— What the task requires —
Copy down every line of the data that follows exactly. Omit the pictures.

(Short descriptive text snippets)
------------------------------------------------------------------------

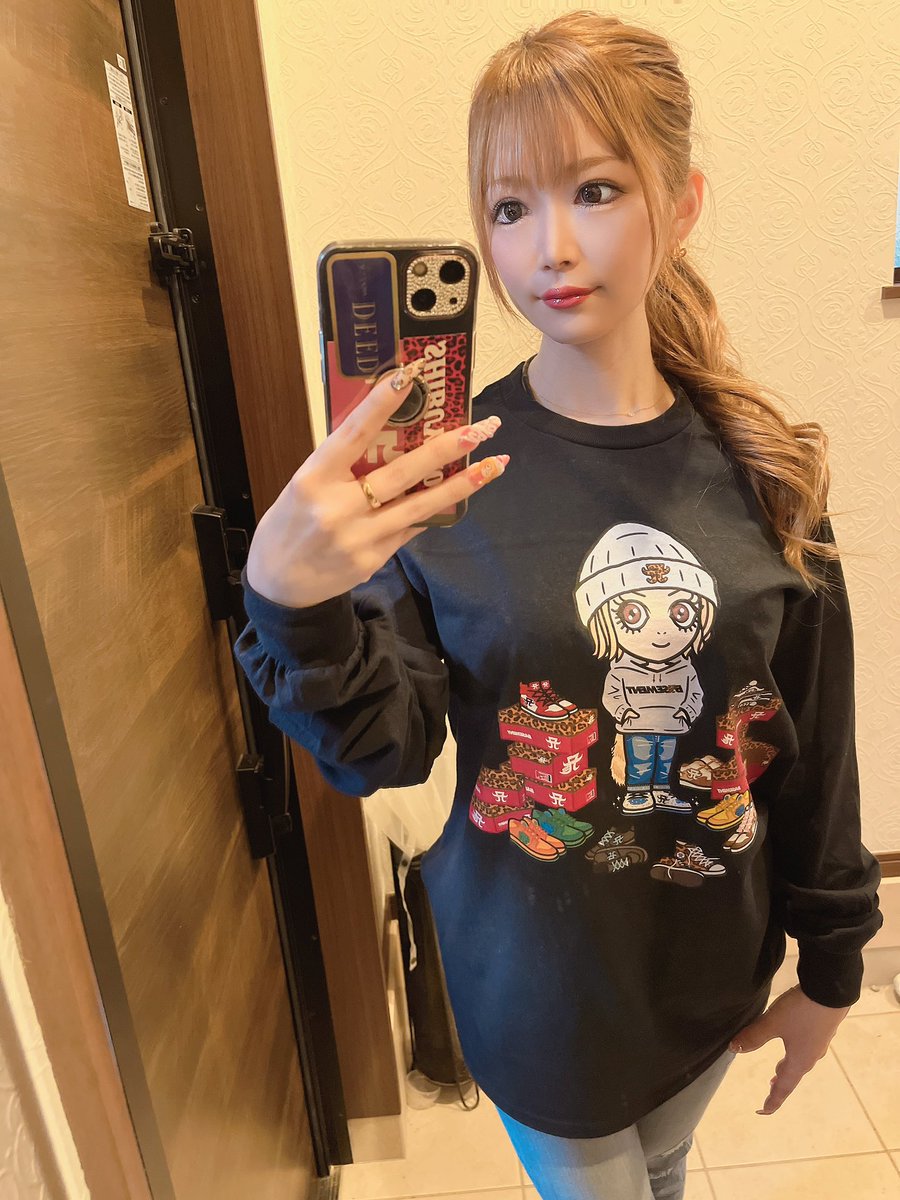 tayui_ayuki's tweet photo. やっと着れた💖
かわちすぎませんか🫶🫶🫶
#ayu25thAnniversary
#ayu25th
@ayu_19980408
#bacement https://t.co/nWsmYvtKJz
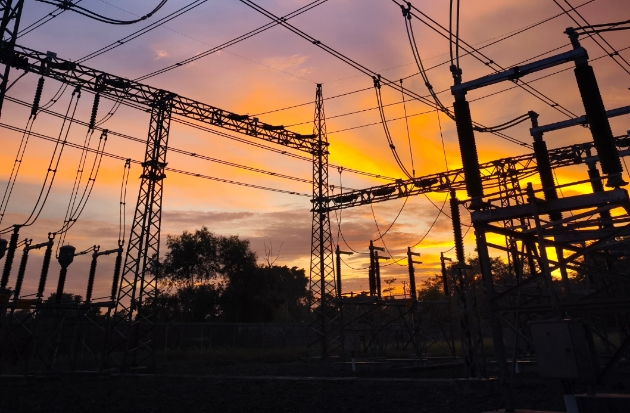PLN Rampungkan SUTT Luwuk-Toili, Banggai Kini Lebih Terang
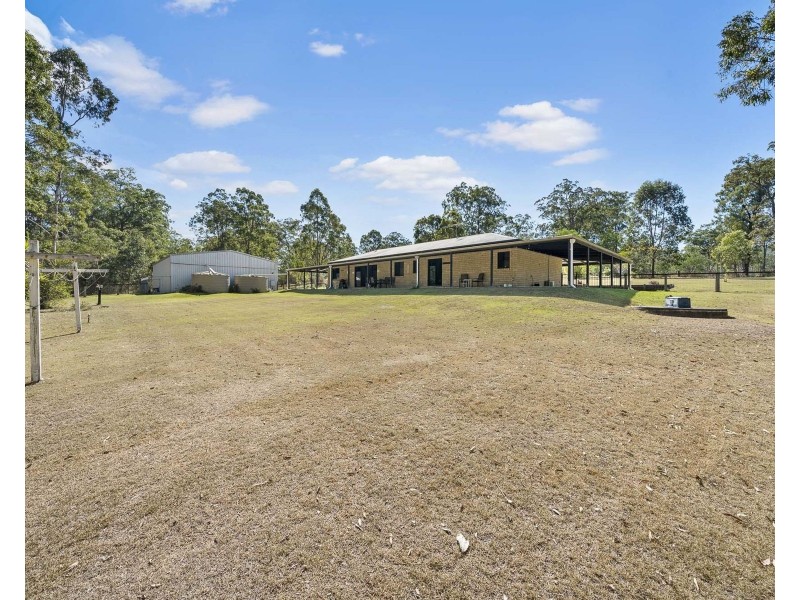56 Buckingham Court, Mount Hallen QLD 4312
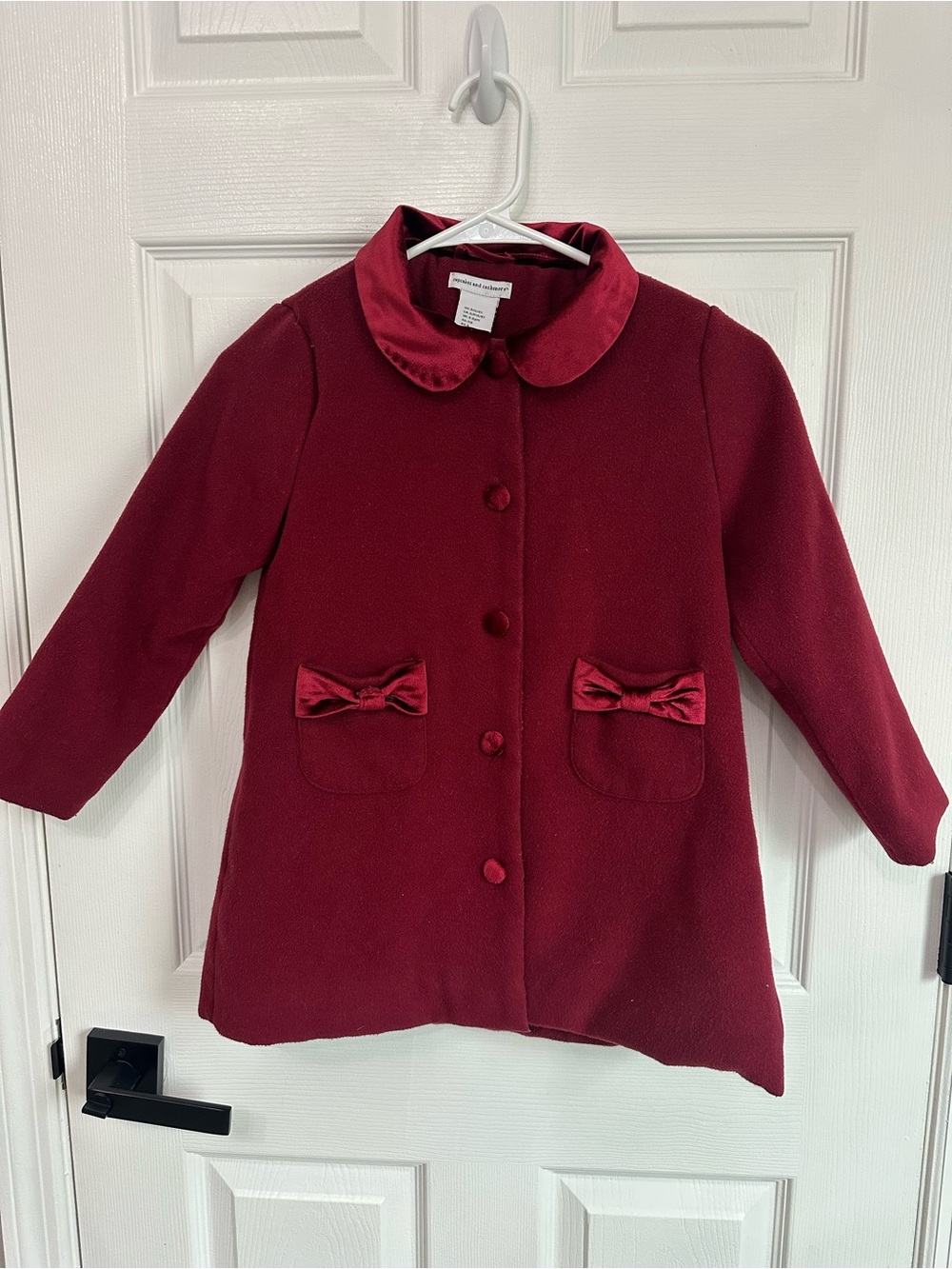 Vintage red Kids  holiday jacket by Cupcakes and Cashmere Size 5/6 Satin Collar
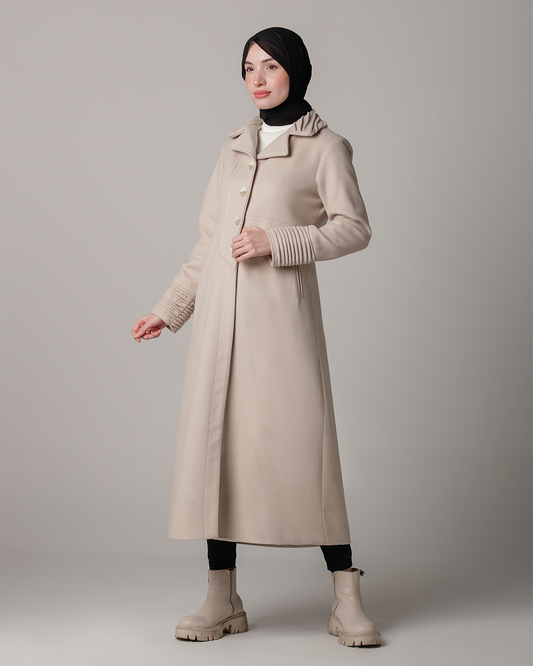 Chic Comfort: Embrace Luxury with our Trenchcoat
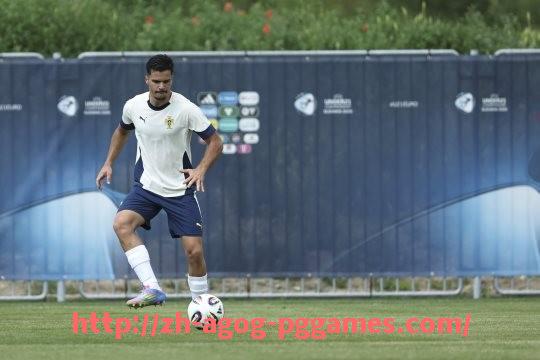 pg电子在线下载-法甲球队战术变化趋势：从传统433到现代化控球体系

------------------------------------------------------------------------

— Result for this exercise —
 tayui_ayuki's tweet photo. やっと着れた💖
かわちすぎませんか🫶🫶🫶
#ayu25thAnniversary
#ayu25th
@ayu_19980408
#bacement https://t.co/nWsmYvtKJz
PLN Rampungkan SUTT Luwuk-Toili, Banggai Kini Lebih Terang
56 Buckingham Court, Mount Hallen QLD 4312
 Vintage red Kids  holiday jacket by Cupcakes and Cashmere Size 5/6 Satin Collar
 Chic Comfort: Embrace Luxury with our Trenchcoat
 pg电子在线下载-法甲球队战术变化趋势：从传统433到现代化控球体系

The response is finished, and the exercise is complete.